DATA FOR THE TASK |
::::

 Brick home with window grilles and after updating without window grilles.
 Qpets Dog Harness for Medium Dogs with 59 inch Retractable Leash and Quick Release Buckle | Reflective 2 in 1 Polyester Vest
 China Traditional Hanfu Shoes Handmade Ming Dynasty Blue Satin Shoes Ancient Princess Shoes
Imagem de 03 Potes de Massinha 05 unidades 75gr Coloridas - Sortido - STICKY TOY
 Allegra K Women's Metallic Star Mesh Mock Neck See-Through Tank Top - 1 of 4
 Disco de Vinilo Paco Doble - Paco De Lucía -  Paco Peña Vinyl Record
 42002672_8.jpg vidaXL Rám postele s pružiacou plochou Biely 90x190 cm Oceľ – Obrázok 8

::::

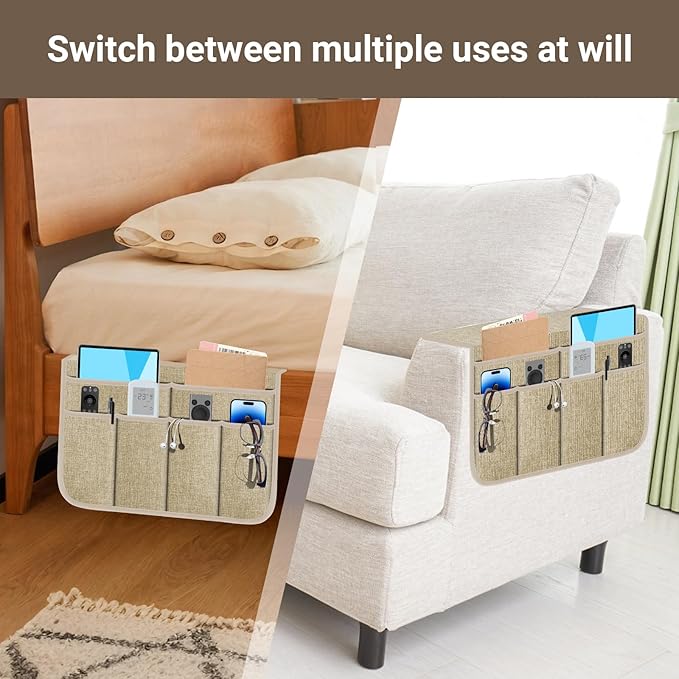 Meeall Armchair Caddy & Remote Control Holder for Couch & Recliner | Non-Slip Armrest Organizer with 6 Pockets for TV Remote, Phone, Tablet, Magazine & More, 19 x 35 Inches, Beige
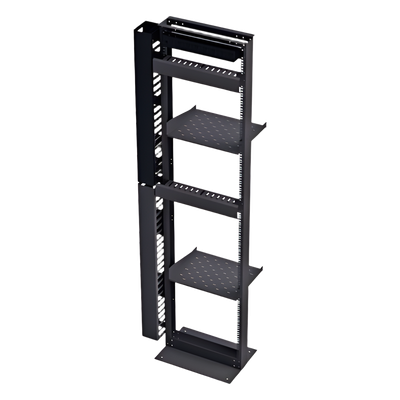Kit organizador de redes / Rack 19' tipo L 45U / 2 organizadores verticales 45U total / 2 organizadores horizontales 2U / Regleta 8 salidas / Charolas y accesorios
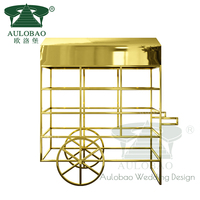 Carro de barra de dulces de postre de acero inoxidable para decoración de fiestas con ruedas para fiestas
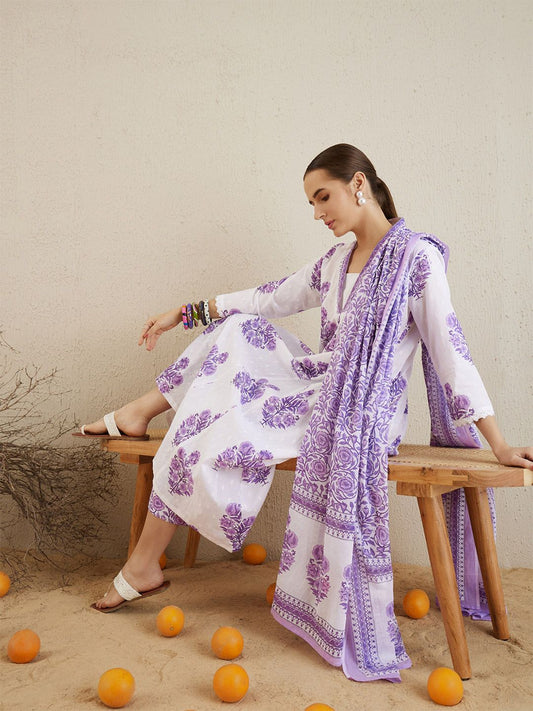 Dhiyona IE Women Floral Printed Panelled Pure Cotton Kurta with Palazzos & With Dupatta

::::

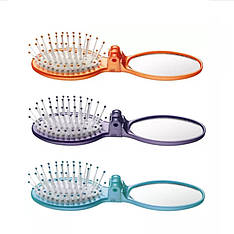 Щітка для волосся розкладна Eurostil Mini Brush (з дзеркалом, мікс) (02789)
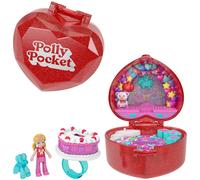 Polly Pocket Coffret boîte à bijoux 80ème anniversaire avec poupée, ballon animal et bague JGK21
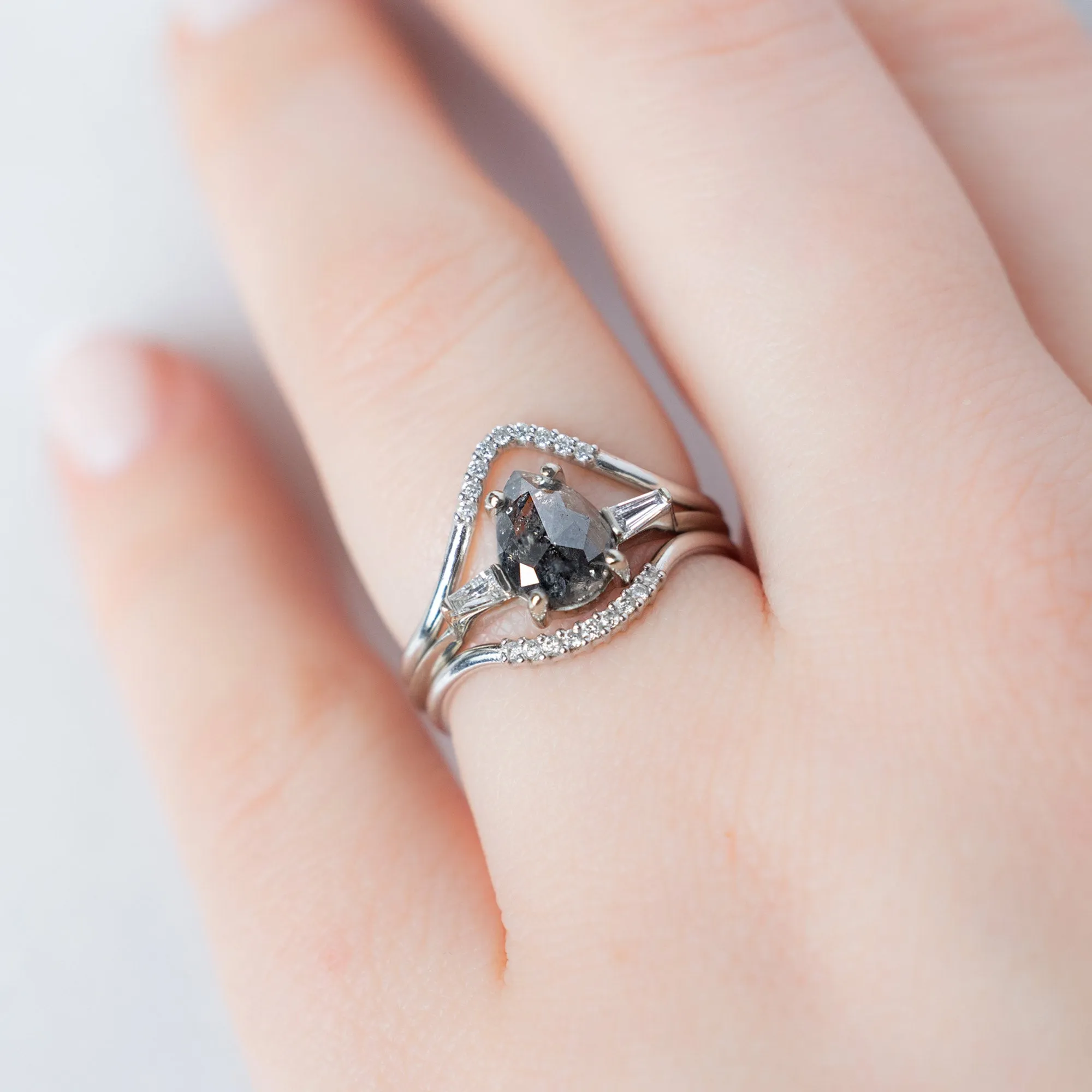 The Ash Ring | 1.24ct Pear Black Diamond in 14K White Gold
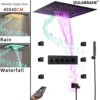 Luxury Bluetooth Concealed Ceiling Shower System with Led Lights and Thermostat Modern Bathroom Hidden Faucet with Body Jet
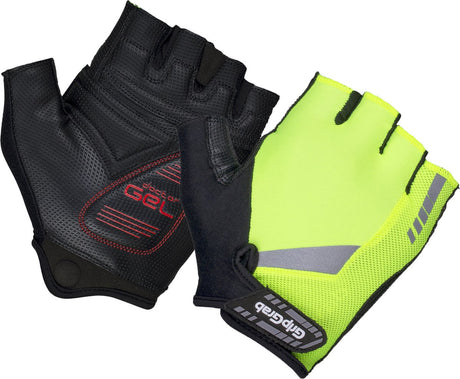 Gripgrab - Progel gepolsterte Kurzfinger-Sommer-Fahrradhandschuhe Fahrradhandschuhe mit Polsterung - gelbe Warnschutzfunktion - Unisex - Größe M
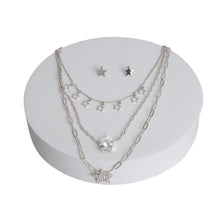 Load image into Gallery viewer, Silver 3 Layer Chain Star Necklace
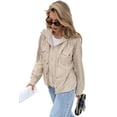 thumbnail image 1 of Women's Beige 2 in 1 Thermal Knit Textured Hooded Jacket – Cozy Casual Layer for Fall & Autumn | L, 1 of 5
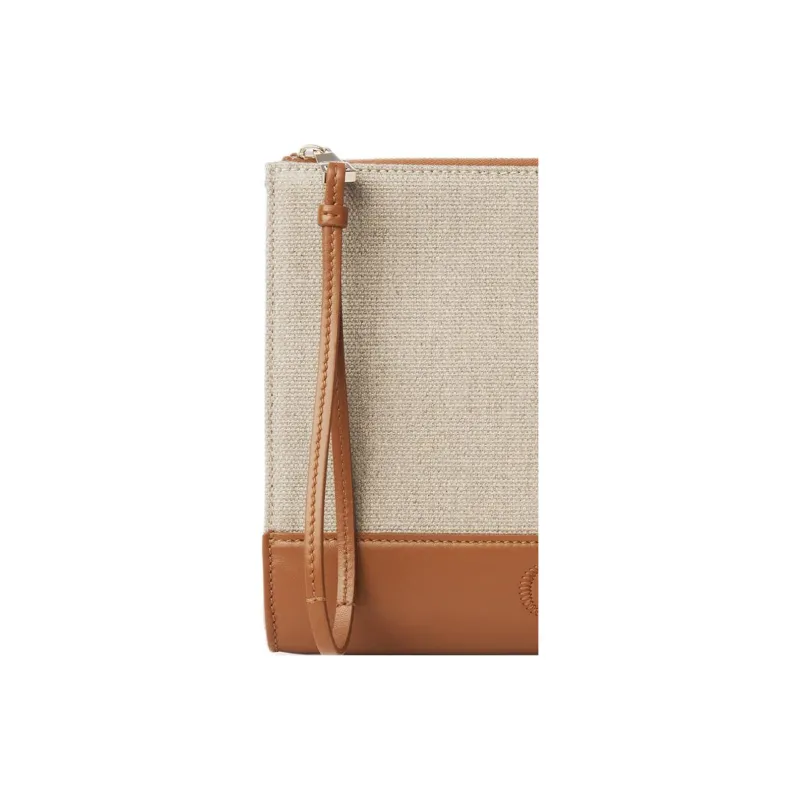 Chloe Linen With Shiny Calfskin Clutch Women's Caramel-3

::::

Copy only the lines above from the one containing "Kit organizador de" through the one containing "Dhiyona IE Women", both included. Leave out the pictures.

Kit organizador de redes / Rack 19' tipo L 45U / 2 organizadores verticales 45U total / 2 organizadores horizontales 2U / Regleta 8 salidas / Charolas y accesorios
 Carro de barra de dulces de postre de acero inoxidable para decoración de fiestas con ruedas para fiestas
 Dhiyona IE Women Floral Printed Panelled Pure Cotton Kurta with Palazzos & With Dupatta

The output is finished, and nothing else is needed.